Problem: Write out, word for word, the part of the listing below that opens with the line containing "解决Tokenim助记词不正确的问题：详细指南与解决" and closes with the line containing "Decorably 20 Boho", keeping both of those lines and adding no others.

Records to process:
+===+

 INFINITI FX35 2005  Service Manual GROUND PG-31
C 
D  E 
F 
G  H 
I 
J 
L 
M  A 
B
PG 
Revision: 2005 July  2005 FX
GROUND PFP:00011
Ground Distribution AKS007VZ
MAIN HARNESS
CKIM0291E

+===+

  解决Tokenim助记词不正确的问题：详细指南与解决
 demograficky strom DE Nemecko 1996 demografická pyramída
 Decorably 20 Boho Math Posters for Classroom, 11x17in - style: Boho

+===+

Written answer:
  解决Tokenim助记词不正确的问题：详细指南与解决
 demograficky strom DE Nemecko 1996 demografická pyramída
 Decorably 20 Boho Math Posters for Classroom, 11x17in - style: Boho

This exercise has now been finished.